Mickelson and Woods will both tee it up for the first time since the British Open, where Mickelson walked off with the Claret Jug while Woods was again unable to add to his tally of 14 major titles.
"It has been really a fun time," Mickelson said of the days since he lifted the trophy at Muirfield. "I'm just excited every day that I've got the Claret Jug and I get to look at it every day."
Like Woods, Mickelson said he was looking forward to a busy stretch of high-profile events.
"We have some big tournaments coming up. We've got the big event here, a World Golf Championship, we've got the PGA next week, and our FedEx Cup. So it's a lot of golf left.
"Right now I'm playing as well as I ever have and want to make sure I stay focused this week and next week because I think there's an opportunity to add to this year and make this year every bit as special as it can be. And I want to make sure I give myself every chance to play well because I've been playing some of my best golf the last few months, as you've seen and as the results have shown."
Mickelson hasn't won at Firestone Golf Club since 1996, when he captured the NEC World Series of Golf.
Woods, who had pocketed four US PGA Tour titles before the end of May to regain the world number one ranking, has notched seven victories at Firestone. It would seem to be just the place for him to sharpen his game for a last major bid of 2013, at Oak Hill next week.
"I feel comfortable on this golf course, and I think that's the key," Woods said. "I've played it when it's been baked out and fast and is hard and other times when it's soft and slow. And the guys are saying it's a little bit softer right now, but the greens are up to speed."
Woods acknowledged that he felt he let an opportunity slip away at Muirfield, where he finished equal sixth after starting the final round tied for second.
"I had a chance to win and didn't get quite it done on Sunday," Woods said. "There were so many positives to the week, how well I hit it and how well I played. Looking back on it, the only difference is I just didn't get the feel of those greens the last few days, and I didn't make the adjustments.
"That's my fault for not making the adjustments."
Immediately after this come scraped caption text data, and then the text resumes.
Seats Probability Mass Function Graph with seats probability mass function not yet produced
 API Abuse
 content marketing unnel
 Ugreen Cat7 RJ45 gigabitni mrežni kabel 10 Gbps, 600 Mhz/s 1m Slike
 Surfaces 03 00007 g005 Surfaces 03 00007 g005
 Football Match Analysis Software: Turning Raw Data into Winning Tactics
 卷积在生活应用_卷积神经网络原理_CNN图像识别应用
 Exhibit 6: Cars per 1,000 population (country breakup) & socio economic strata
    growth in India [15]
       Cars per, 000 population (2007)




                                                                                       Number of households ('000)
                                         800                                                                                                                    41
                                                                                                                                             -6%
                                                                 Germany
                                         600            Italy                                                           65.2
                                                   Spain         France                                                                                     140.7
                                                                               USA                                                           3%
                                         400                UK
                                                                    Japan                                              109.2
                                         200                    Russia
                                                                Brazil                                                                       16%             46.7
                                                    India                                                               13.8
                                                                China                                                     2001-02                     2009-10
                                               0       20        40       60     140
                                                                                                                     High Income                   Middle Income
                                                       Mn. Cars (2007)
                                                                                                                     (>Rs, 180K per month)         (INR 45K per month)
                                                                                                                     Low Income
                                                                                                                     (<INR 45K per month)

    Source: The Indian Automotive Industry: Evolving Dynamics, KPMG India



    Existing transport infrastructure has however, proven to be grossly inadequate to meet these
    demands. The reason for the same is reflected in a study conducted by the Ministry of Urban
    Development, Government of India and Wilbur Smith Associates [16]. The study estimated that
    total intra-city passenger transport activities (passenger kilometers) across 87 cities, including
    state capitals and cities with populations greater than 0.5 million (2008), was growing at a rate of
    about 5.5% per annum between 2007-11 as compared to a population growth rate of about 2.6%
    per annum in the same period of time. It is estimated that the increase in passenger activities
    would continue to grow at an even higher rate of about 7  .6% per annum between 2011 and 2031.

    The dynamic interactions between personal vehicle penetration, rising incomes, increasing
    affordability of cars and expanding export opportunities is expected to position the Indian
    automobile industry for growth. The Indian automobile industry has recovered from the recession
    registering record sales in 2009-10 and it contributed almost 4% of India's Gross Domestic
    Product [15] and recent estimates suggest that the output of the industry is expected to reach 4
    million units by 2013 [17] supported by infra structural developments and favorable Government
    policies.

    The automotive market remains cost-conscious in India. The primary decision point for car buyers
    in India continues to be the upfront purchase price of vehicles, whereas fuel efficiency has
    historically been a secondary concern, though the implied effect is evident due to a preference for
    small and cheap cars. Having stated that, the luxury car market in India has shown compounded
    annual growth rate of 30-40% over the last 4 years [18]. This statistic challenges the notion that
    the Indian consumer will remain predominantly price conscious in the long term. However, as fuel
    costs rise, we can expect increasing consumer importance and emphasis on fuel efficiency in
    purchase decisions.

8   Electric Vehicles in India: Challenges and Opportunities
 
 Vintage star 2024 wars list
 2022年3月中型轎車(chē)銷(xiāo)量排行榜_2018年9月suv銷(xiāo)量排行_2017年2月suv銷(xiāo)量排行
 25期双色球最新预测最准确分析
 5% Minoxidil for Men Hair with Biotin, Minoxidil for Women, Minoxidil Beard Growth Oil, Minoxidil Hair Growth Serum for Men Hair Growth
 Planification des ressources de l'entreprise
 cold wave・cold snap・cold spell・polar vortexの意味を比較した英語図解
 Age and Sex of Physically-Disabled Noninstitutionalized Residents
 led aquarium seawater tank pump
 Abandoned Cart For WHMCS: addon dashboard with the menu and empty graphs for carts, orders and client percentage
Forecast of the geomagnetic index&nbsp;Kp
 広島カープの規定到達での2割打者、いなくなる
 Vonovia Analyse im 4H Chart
Woods should be able to adjust to anything Firestone throws at him. He owns the lowest 72-hole score -- 21-under in 2000 -- at the Bridgestone Invitational, as well as the 18-hole record of 61 he posted that year, when he won by 11 strokes. Woods has also won the title twice in playoffs.
"I've done it all different ways, that's the thing," Woods said. "Some years I've striped it and have really played well, and other years I've hit it all over the lot and had to be creative, and I've chipped and putted and holed out."
The spotlight this week will also fall on Rory McIlroy, desperately trying to find his form with his defense of the PGA Championship title he won at Kiawah Island last year approaching.
McIlroy opened the British Open with a 79 en route to missing the cut by four strokes. He hasn't won a tournament all year, with pundits pointing to everything from his change in equipment to his romance with Danish tennis star Caroline Wozniacki as factors in his fade.
The 24-year-old from Northern Ireland is hoping that like last year, a strong showing at Firestone will prove the start of a late-season surge. In 2012 he finished fifth in the Bridgestone, won his second major title at the PGA Championship and won two of the US tour's prestigious playoff events.
"It's a great golf course," McIlroy said. "It's a golf course I feel like I can do well on ... if something similar could happen like it did last year, get a good finish here or get into contention, obviously that would set me up for the last major of the season and going on from there, set me up for the great end of the year."